(Records from a dataset)
- - - - -

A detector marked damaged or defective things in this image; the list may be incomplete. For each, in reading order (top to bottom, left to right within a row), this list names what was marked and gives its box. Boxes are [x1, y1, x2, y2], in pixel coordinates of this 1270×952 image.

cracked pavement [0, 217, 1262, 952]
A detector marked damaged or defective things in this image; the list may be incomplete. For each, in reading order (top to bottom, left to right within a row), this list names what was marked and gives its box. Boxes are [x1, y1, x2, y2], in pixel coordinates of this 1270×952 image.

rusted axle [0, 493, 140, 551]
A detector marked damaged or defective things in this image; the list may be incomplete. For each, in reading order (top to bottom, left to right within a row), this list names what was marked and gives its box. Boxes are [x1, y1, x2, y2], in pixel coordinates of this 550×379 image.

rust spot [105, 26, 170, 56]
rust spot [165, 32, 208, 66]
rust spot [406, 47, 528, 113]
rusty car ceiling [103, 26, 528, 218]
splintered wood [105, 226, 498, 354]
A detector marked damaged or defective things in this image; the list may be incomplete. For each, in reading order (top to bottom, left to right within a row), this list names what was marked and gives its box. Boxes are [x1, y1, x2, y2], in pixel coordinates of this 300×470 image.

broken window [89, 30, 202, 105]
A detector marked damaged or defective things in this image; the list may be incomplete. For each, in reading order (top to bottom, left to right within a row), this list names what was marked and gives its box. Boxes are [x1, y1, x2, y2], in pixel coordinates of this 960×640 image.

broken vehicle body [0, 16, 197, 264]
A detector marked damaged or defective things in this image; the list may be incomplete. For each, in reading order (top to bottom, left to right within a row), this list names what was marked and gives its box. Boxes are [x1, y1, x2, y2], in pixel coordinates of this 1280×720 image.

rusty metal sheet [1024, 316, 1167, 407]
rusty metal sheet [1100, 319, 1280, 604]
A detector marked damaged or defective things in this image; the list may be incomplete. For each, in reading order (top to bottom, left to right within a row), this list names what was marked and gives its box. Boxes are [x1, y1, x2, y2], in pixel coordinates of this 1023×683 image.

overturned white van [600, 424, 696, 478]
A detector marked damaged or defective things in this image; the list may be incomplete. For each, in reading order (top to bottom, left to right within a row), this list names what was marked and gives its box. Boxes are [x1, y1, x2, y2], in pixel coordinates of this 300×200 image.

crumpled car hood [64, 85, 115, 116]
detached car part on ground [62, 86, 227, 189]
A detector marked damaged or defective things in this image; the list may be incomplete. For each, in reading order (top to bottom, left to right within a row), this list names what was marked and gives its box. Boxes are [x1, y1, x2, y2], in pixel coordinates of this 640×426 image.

- - - - -

■ What you will do ■
Repeat the data exactly. Omit nothing.

■ Answer to this exercise ■
A detector marked damaged or defective things in this image; the list may be incomplete. For each, in reading order (top to bottom, left to right within a row), this list names what was marked and gives its box. Boxes are [x1, y1, x2, y2], in pixel coordinates of this 1270×952 image.

cracked pavement [0, 217, 1262, 952]
A detector marked damaged or defective things in this image; the list may be incomplete. For each, in reading order (top to bottom, left to right within a row), this list names what was marked and gives its box. Boxes are [x1, y1, x2, y2], in pixel coordinates of this 1270×952 image.

rusted axle [0, 493, 140, 551]
A detector marked damaged or defective things in this image; the list may be incomplete. For each, in reading order (top to bottom, left to right within a row), this list names what was marked and gives its box. Boxes are [x1, y1, x2, y2], in pixel coordinates of this 550×379 image.

rust spot [105, 26, 170, 56]
rust spot [165, 32, 208, 66]
rust spot [406, 47, 528, 113]
rusty car ceiling [103, 26, 528, 218]
splintered wood [105, 226, 498, 354]
A detector marked damaged or defective things in this image; the list may be incomplete. For each, in reading order (top to bottom, left to right within a row), this list names what was marked and gives its box. Boxes are [x1, y1, x2, y2], in pixel coordinates of this 300×470 image.

broken window [89, 30, 202, 105]
A detector marked damaged or defective things in this image; the list may be incomplete. For each, in reading order (top to bottom, left to right within a row), this list names what was marked and gives its box. Boxes are [x1, y1, x2, y2], in pixel coordinates of this 960×640 image.

broken vehicle body [0, 16, 197, 264]
A detector marked damaged or defective things in this image; the list may be incomplete. For each, in reading order (top to bottom, left to right within a row), this list names what was marked and gives its box. Boxes are [x1, y1, x2, y2], in pixel coordinates of this 1280×720 image.

rusty metal sheet [1024, 316, 1167, 407]
rusty metal sheet [1100, 319, 1280, 604]
A detector marked damaged or defective things in this image; the list may be incomplete. For each, in reading order (top to bottom, left to right within a row), this list names what was marked and gives its box. Boxes are [x1, y1, x2, y2], in pixel coordinates of this 1023×683 image.

overturned white van [600, 424, 696, 478]
A detector marked damaged or defective things in this image; the list may be incomplete. For each, in reading order (top to bottom, left to right within a row), this list names what was marked and gives its box. Boxes are [x1, y1, x2, y2], in pixel coordinates of this 300×200 image.

crumpled car hood [64, 85, 115, 116]
detached car part on ground [62, 86, 227, 189]
A detector marked damaged or defective things in this image; the list may be incomplete. For each, in reading order (top to bottom, left to right within a row), this list names what was marked and gives its box. Boxes are [x1, y1, x2, y2], in pixel coordinates of this 640×426 image.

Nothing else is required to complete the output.